Veja – Como uma legislação feita para proteger piora as condições de trabalho?
Pastore – Um exemplo é o preço altíssimo de uma demissão no Brasil. Quanto mais tempo de casa um funcionário tem, maior é o valor da indenização que lhe é devida. Quer dizer que as empresas que têm como política investir em seu quadro de funcionários vão ser as grandes penalizadas. As maiores beneficiadas serão as empresas que rodam seu pessoal de três em três meses e que por isso pagam muito pouco. Contratar e demitir na formalidade é tão oneroso que os empresários optam muitas vezes por colocar uma máquina de cortar cana-de-açúcar no lugar de um monte de funcionários para livrar-se da dor de cabeça e dos gastos. Nas contas do patrão é um investimento de longo prazo mais seguro. Então, a rigidez da lei não só alimenta a informalidade como até leva ao desemprego.

Veja – A informalidade é sempre ruim?
Pastore –
Um monte de gente por aí acha que emprego informal é coisa de brasileiro criativo que realiza grandes projetos pessoais sem precisar de patrão. Há quem diga que somos o que a Itália era na década de 60, quando o trabalho informal dominava e o país crescia a olhos vistos. Só que naquela época os italianos já tinham uma renda alta e podiam pagar um convênio de saúde e uma previdência privada do próprio bolso, o que no Brasil está longe de acontecer. O mercado informal brasileiro é uma selva onde predomina a pobreza e as pessoas não têm nem o mínimo, que é a cobertura da Previdência Social, porque não pagam o imposto. Isso resulta, de um lado, em precárias condições de vida para o trabalhador e, do outro, num ônus seriíssimo para o país. O rombo na Previdência só aumenta e a informalidade é seu principal alimento. São 42 milhões de pessoas que, se forem atropeladas ou contraírem tuberculose, podem usar a rede pública de saúde sem contribuir com 1 centavo.

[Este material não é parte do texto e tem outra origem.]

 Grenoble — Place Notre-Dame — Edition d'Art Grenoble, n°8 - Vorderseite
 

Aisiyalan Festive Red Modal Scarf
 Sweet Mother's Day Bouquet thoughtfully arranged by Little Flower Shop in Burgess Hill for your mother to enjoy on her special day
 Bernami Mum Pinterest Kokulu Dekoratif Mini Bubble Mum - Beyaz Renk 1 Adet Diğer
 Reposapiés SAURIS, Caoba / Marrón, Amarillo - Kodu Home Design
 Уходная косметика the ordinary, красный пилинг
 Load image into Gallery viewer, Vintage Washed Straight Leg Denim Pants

Veja – Não dá para aumentar a contribuição com uma fiscalização mais rígida?
Pastore –
É muito difícil. Na informalidade estão o biscateiro e o vendedor de garapa que não têm um tostão no bolso. Depois há os jovens menores de 16 anos que também não podem pagar porque estão desobedecendo à lei que os proíbe de trabalhar. Os que têm mais de 60 anos passaram do tempo legal para contribuir. Uma parcela de cerca de 10 milhões de brasileiros, empregada por empresas sem contrato legal, poderia até pagar o imposto. O problema é que é praticamente impossível flagrar a situação porque as próprias empresas não são legalizadas. Estamos falando de informalidades à brasileira, como a atividade da senhora que prepara e serve quentinhas para os operários numa obra e contrata outros funcionários. Sua empresa é invisível aos olhos da lei. Esse quadro é crônico e difícil de arrumar porque temos uma legislação trabalhista que empurra cada vez mais brasileiros para esse tipo de trabalho informal.

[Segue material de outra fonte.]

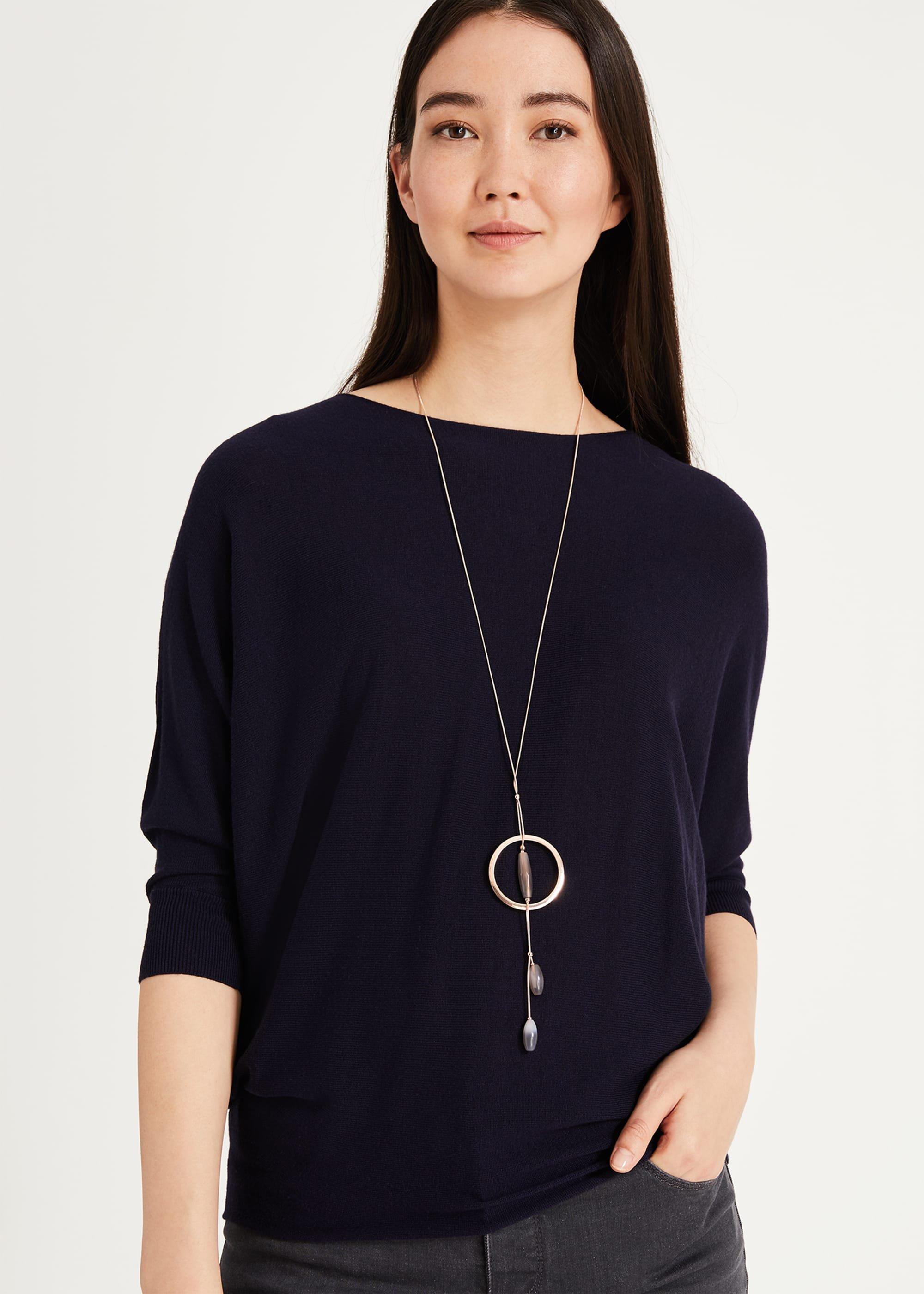 Roxie Stone Pendant Necklace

Veja – E os autônomos, não é mais fácil atraí-los para a formalidade?
Pastore –
São cerca de 10 milhões de autônomos informais no Brasil e eles preferem manter-se assim porque é caro e burocrático regularizar sua situação. Só para a Previdência, precisam pagar 20% do que recebem. É de esperar que fujam da lei como o diabo da cruz. O Ministério da Previdência tem feito campanhas importantes para fisgar esses autônomos. Em 2000, trouxe 1,5 milhão de novos contribuintes, um número bastante significativo. Aí os técnicos resolveram analisar quem eram os novatos e descobriram que haviam atraído basicamente dois grupos: um de empregadas domésticas, que pretendiam engravidar e queriam ter direito à licença-maternidade para depois parar de contribuir, e outro de pessoas perto dos 60 anos mirando a aposentadoria. Os autônomos que poderiam contribuir a longo prazo continuaram sem pagar. O esforço resultou em despesa certa com receita incerta.

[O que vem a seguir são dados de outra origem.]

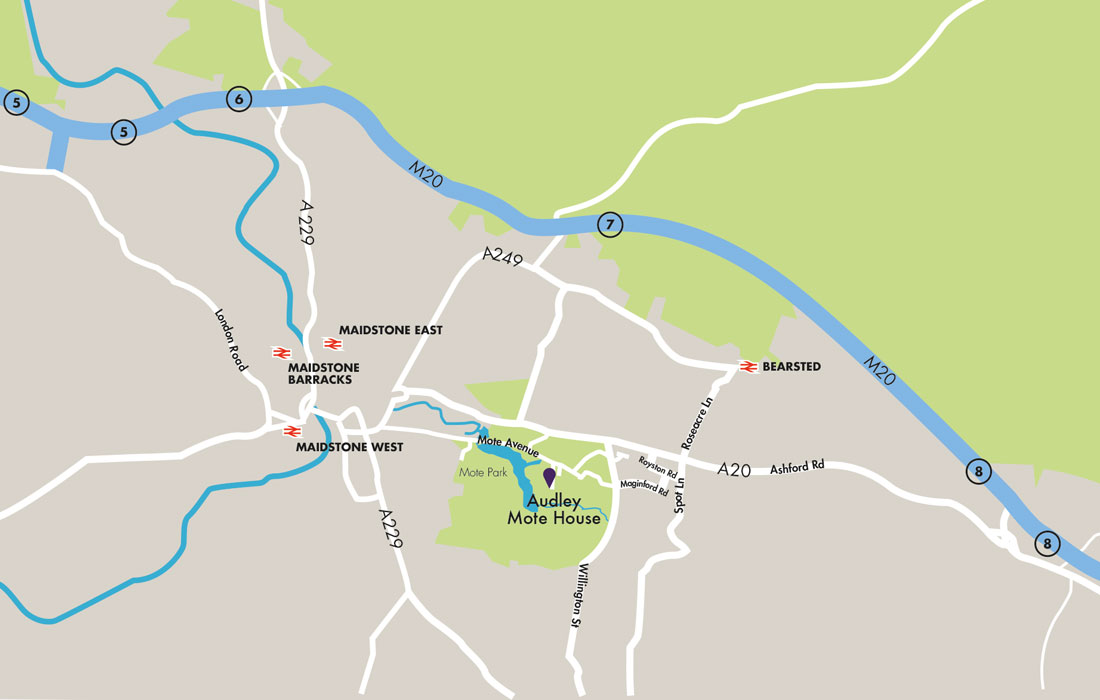 Audley Retirement Villages Map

Veja – Por que tantos conflitos entre patrão e empregado param na Justiça do Trabalho?
Pastore – A nossa legislação é a grande instigadora de conflitos porque é detalhista demais. Qualquer deslize vai parar no tribunal. O resultado são 2 milhões de processos rolando na Justiça trabalhista. No Japão, onde a força de trabalho tem tamanho semelhante à brasileira, são apenas 1.500 processos. Nos Estados Unidos, o número de conflitos que chegam aos tribunais é tão irrisório que os americanos nem têm uma justiça especializada.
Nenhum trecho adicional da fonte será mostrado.